6N: Brunel makes bold flyhalf pick to try and upset Irish
PARIS (AP) Jacques Brunel was appointed in December as France coach to end the rot.
For his first team selection, he’s made one gutsy pick.
He’s given a starting debut to 19-year-old flyhalf Matthieu Jalibert against Ireland in the Six Nations opening round on Saturday.
Together with eight other changes from France’s last match – a fortunate draw with Japan in Paris in November – they are tasked with repairing a fragile side on a six-match winless streak and showing it still belongs among Europe’s best.
It has been some fall from grace for a French side which lost by only one point to New Zealand in the 2011 Rugby World Cup final, the year after clinching a Six Nations Grand Slam.
There have been no Six Nations titles since and the Tricolors are in a permanent state of slumber, with coaches coming and going and not much changing. Guy Noves made way for Brunel.

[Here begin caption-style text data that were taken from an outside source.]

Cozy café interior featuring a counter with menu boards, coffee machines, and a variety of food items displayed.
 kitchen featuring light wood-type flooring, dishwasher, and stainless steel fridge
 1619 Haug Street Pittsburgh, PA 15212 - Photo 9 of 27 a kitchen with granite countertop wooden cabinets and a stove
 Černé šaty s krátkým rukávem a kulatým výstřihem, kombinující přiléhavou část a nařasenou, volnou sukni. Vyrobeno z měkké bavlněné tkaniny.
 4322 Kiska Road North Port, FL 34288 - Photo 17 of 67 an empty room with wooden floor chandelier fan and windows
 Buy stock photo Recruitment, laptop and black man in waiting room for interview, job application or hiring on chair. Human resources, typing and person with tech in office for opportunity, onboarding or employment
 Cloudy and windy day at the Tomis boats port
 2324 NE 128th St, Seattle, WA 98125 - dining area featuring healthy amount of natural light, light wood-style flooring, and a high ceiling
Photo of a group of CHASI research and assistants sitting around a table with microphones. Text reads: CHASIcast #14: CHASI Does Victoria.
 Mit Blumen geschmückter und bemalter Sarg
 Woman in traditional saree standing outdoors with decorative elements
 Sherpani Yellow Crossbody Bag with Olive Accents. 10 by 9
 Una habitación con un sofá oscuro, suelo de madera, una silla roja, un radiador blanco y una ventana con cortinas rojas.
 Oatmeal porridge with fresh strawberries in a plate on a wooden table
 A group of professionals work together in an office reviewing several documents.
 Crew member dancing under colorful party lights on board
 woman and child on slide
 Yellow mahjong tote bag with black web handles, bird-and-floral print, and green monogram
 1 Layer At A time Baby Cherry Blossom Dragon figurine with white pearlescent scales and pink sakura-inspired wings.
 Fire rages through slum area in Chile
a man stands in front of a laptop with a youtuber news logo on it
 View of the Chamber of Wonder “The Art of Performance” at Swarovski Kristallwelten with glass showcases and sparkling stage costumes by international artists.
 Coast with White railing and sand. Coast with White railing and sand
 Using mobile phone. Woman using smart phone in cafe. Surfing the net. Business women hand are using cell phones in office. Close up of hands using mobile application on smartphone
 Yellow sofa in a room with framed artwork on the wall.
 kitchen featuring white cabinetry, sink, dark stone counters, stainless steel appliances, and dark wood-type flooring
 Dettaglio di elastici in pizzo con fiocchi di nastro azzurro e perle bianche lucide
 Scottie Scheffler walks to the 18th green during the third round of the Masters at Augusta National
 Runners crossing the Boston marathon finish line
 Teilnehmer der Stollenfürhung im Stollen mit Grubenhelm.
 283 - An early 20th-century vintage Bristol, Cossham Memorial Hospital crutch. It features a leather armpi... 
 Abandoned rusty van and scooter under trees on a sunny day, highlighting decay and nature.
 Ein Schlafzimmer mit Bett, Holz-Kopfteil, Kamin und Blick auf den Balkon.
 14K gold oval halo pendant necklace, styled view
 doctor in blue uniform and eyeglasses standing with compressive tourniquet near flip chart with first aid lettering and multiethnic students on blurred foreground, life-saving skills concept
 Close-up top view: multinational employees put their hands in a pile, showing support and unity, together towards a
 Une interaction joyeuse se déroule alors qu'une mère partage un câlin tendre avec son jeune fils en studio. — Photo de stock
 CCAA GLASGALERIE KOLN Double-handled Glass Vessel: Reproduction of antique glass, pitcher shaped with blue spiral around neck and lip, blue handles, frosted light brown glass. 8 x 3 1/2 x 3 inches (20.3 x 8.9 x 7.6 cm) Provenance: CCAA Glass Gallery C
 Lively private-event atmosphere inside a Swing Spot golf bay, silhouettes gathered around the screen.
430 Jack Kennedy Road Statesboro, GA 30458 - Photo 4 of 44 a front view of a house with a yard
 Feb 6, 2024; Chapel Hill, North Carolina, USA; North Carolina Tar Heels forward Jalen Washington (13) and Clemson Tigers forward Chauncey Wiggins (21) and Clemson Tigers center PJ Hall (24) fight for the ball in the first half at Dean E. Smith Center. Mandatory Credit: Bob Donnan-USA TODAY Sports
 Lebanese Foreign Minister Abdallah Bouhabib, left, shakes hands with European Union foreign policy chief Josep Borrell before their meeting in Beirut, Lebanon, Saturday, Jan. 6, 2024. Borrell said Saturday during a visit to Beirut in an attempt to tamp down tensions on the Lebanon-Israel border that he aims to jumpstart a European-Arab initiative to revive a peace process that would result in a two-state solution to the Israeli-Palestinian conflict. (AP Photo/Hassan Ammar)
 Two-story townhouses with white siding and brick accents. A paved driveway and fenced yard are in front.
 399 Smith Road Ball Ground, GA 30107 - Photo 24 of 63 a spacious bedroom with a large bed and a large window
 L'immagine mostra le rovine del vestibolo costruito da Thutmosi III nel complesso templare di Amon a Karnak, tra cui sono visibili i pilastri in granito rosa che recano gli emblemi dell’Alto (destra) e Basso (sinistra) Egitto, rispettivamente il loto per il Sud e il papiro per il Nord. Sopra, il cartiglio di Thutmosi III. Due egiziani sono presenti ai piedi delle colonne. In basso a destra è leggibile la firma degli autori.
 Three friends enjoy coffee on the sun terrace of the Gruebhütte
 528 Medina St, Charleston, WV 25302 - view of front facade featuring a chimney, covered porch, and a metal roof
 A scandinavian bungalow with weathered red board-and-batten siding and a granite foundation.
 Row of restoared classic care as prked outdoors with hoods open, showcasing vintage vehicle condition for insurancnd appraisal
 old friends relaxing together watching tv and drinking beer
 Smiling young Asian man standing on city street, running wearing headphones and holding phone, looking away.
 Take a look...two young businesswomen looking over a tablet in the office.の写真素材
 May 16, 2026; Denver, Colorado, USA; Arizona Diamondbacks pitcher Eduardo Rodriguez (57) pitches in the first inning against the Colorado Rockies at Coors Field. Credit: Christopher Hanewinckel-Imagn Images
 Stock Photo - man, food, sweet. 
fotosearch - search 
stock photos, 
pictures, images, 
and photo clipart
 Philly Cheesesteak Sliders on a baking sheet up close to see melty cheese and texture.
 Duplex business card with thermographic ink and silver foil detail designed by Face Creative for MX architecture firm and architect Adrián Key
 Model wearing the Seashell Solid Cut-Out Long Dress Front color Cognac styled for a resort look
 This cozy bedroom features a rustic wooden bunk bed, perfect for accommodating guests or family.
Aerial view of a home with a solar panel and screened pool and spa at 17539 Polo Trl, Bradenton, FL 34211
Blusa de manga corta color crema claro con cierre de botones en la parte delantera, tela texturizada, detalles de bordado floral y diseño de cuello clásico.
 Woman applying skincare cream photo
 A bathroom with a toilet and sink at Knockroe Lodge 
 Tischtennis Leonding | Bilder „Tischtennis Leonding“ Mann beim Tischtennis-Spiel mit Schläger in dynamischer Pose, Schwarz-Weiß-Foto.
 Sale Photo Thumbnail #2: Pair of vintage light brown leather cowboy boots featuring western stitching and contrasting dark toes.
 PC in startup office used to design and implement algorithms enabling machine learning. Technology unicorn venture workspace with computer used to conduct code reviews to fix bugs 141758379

First assignments don’t come much tougher: The Irish have a rabid back row and a backline far more inventive than France’s.
”We know we’re not favorites, they’re probably more confident than us,” Brunel says. ”But we also know we have untapped strength.”
He previously coached Jalibert at Bordeaux-Begles.
”He’ll have to be ready, because the Irish are going to take care of him a bit,” Brunel says. ”The Irish must have looked at (video) tapes and thought `Who’s this guy?”’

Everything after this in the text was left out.